The Second Sex, Michael Robbins, Penguin 2014
Jason Guriel suggests that Robbins should have rethought his tactic a little more before releasing a second book that perhaps relies too heavily on the buzz and moves from his first monster hit Alien vs. Predator. This feels a bit easy, but it is true it’s more of the same. Is this book better or worse? I think it’s a sophomore book. It has some hits, some less than hits. Will these moves seem tired after another? Maybe. But for now, the rhymes are in and they are, in general, as surprisingly fresh as the first book. Don’t make it new, make it familiar and new.

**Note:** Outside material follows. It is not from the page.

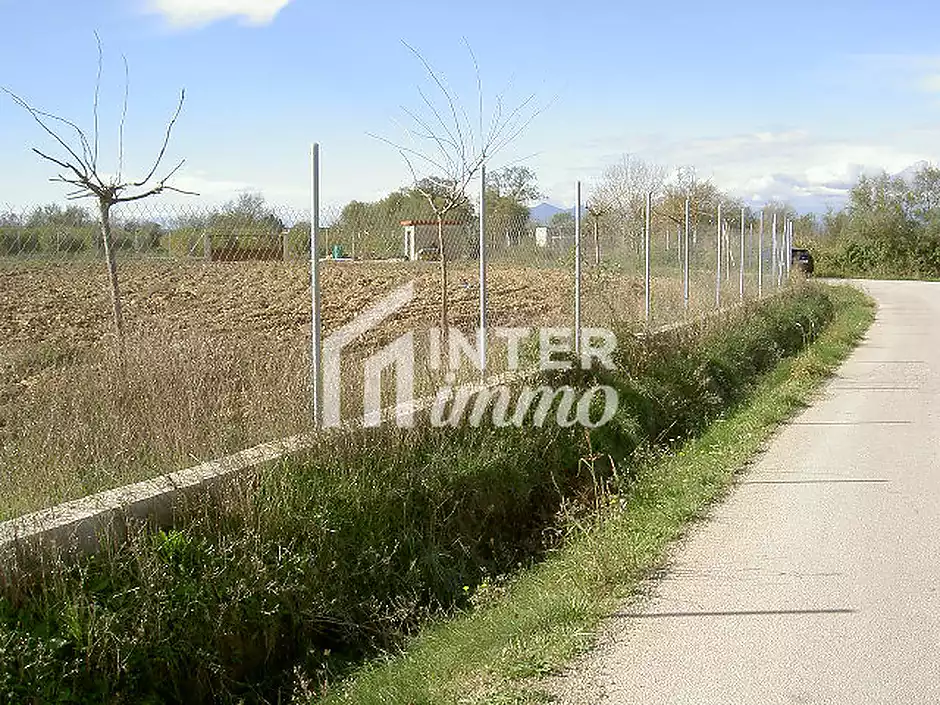 TERRENY 5.000 M2. - foto 13 de 15
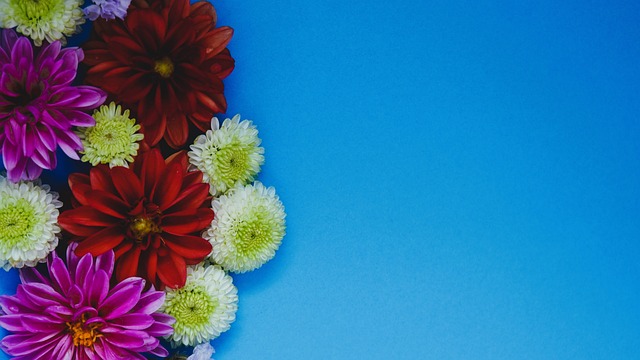 长期发展之 长期发展之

That’s what he do.
Gift appeal: wide
Finally, a few I’m in the middle of, or, are not quite at a place of writing about yet, but still want to mention because they are still engaging me:
Endarkenment: Selected Poems of Arkadi Dragomoshchenko, ed Eugene Ostashevsky, Wesleyan 2014
Congotronic, Shane Book, Anansi 2014
Don’t Let It End Like This Tell Them I Said Something, Paul Vermeersch, ECW 2014
Corporate Relations, Jena Osman, Burning Deck 2014
This Blue, Maureen N. Mclane, FSG 2014
Ordinary Hours, Karen Enns, Brick 2014
Satisfying Clicking Sound, Jason Guriel, Vehicule 2014
Angular Uncomformity, Don McKay, Goose Lane 2014
Peacock Blue, Phyllis Webb, Talon 2014
FIRST BOOKS THAT KNOCKED MY SOCKS OFF
Pst, your project is showing. No, wait, your project isn’t just showing, it’s blinding me! Yes, this year I noticed that many of the first books that came across my desk were heavy on the project. I know that it’s important to have the project–every conceptual book lives or dies by the project–but we appear to have reached the point where the project is the BOOK. This means, as Kenny Goldsmith has pointed out, that we can simply read about the project and forgo the book (shudder, f’en shudder), or at best, we can approach the texts like novels. This is great if the poems proceed with that kind of energy–a la Lisa Robertson, or Anne Carson, or Louise Glück, or even some of Goldsmith. But so many don’t. They fail to compel on the whole, or dazzle in the particular. Maybe we are asking too much of the first book? Maybe not all books need to be book length projects….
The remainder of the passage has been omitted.